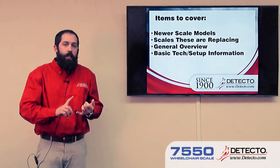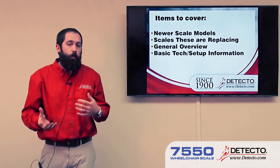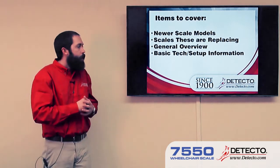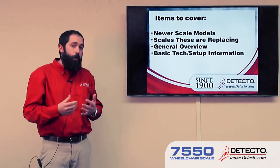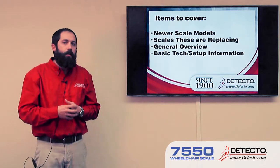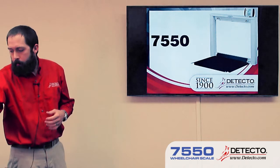Especially with the Solos, Apexes, and Icons, we're going to be looking at the scales that those will be replacing. We have several models that are soon to be obsolete. We're going to give a general overview of our scales and some basic technical and setup information regarding them.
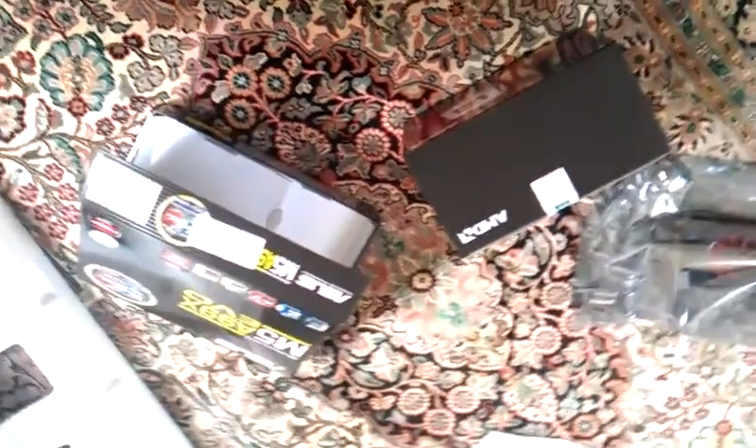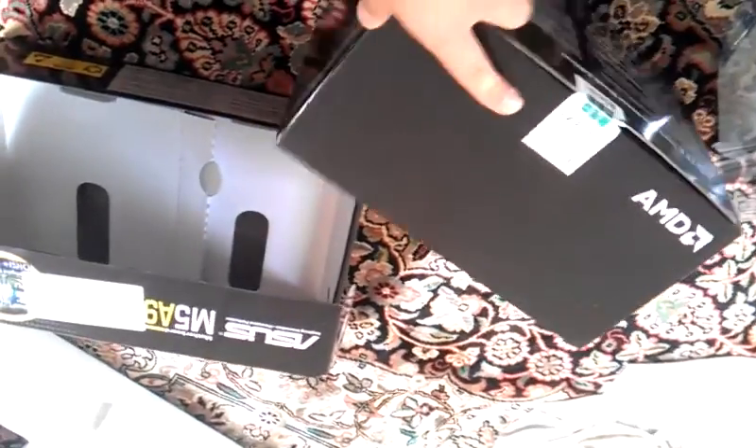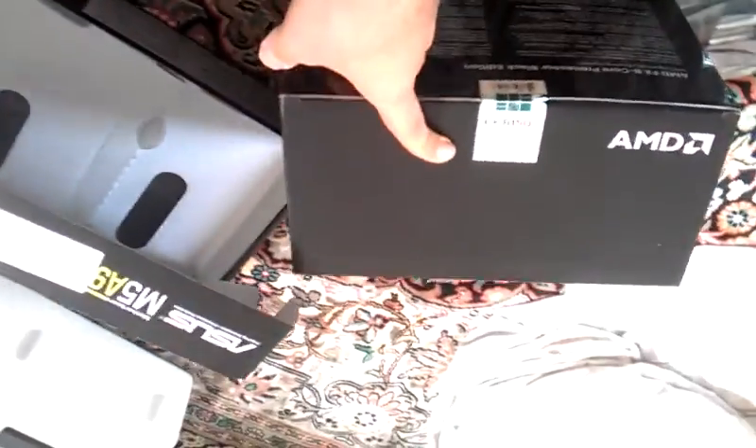Hello there, this is my unwrapping of my 8-core liquid cooling CPU for those who might be interested in purchasing a great value kit.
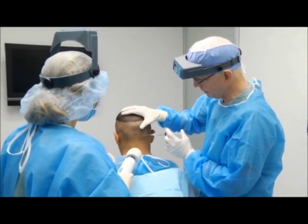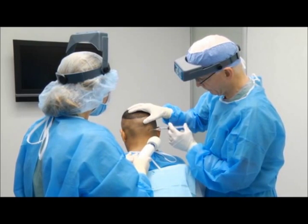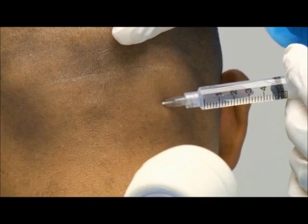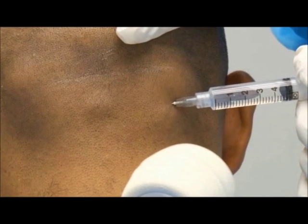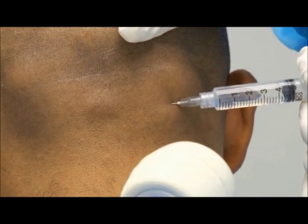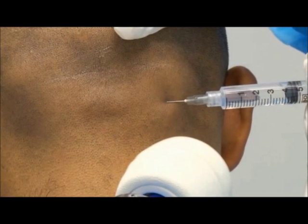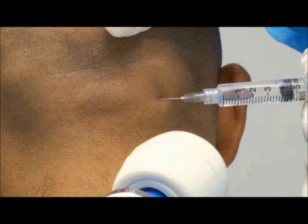We'll start basically at the midline. We advance the needle first, and then just very slowly inject as we withdraw. We'll do this very, very slowly. You can add bicarbonate to decrease the sting of the injection a little bit, but the most important thing is just the rate of injection — you want to inject it as slowly as possible. We're just going to go around the entire scalp.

■ What you need to do: Please retype the data exactly. The pictures do not go in.

■ Response to the task:
Especially with the Solos, Apexes, and Icons, we're going to be looking at the scales that those will be replacing. We have several models that are soon to be obsolete. We're going to give a general overview of our scales and some basic technical and setup information regarding them.
Hello there, this is my unwrapping of my 8-core liquid cooling CPU for those who might be interested in purchasing a great value kit.
We'll start basically at the midline. We advance the needle first, and then just very slowly inject as we withdraw. We'll do this very, very slowly. You can add bicarbonate to decrease the sting of the injection a little bit, but the most important thing is just the rate of injection — you want to inject it as slowly as possible. We're just going to go around the entire scalp.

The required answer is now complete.